The local Hadoop SF meetings cover a variety of topics, mostly practical. But on one occasion the discussion took a speculative turn: does Hadoop have legs or is it a stop-gap measure? People supporting the stop-gap thesis presented a hardware argument. SSDs and distributed DRAM-based storage are replacing hard drives in many applications and their performance characteristics are different enough to make Hadoop obsolete. In particular they undermine one of the basic premises of the mapreduce model, that is that sequential access is much faster than random access. While I was trying to mount a defense based on capacity and price, somebody chimed in saying that the latency issue exists at all levels of the memory hierarchy. Wait a minute, flash memory and DRAM don’t spin around and don’t have read/write heads to reposition. You send in an address to read and you get a value out, right? Wrong. I was kindly pointed to this very readable paper, ”The Pathologies of big data”, which shows, in Figure 3, how sequential access is faster for spinning disks as well SSDs and DRAM. The gap with random access is staggering for HDs at more than 5 orders of magnitude, slightly less for SSDs and goes down to one order of magnitude for DRAM, but it is still there and getting worse over time. Therefore, one of the assumptions behind mapreduce seems likely to be with us for several years to come. Following this reasoning further, mapreduce may prove useful to program on architectures other than clusters. In fact if you Google [GPU and mapreduce] or [FPGA mapreduce] you’ll find quite a few interesting reads, for instance:
Another example of a new use of map-reduce is Spark. Yes, it still runs on clusters but the role of hard disks is replaced by a ‘Resilient Distributed Dataset’, an abstraction over distributed DRAM, striking a completely different price/performance trade-off than Hadoop.
These are mostly academic forays, but some are more practical, like the Word Count example above. FPGAs may be a bit more exotic, but using GPUs for non graphics related tasks is a major trend in HPC, and Amazon itself offers GPU-capable instances as part of their EC2 service.
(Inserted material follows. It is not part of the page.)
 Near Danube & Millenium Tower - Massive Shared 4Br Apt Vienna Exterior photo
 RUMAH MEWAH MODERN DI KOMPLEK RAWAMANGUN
What are the major assumptions behind the mapreduce model? Let me give it a try:
  1. Needless to say, parallel processing.
  2. A two-layer memory model: one is fast but low-capacity, used within the map and reduce functions, the other is slow but high capacity.
  3. Sequential access is better than random. Sort, don’t index. It doesn’t mean one has to read all the data, all the time, but the trend is toward bigger chunks.
  4. Locality: resources local to a processing element are faster than remote ones, all else being equal.
It’s a brave new world. Long standing abstractions such as a flat memory model are reversed. Writing programs under these new assumptions is a cultural shift.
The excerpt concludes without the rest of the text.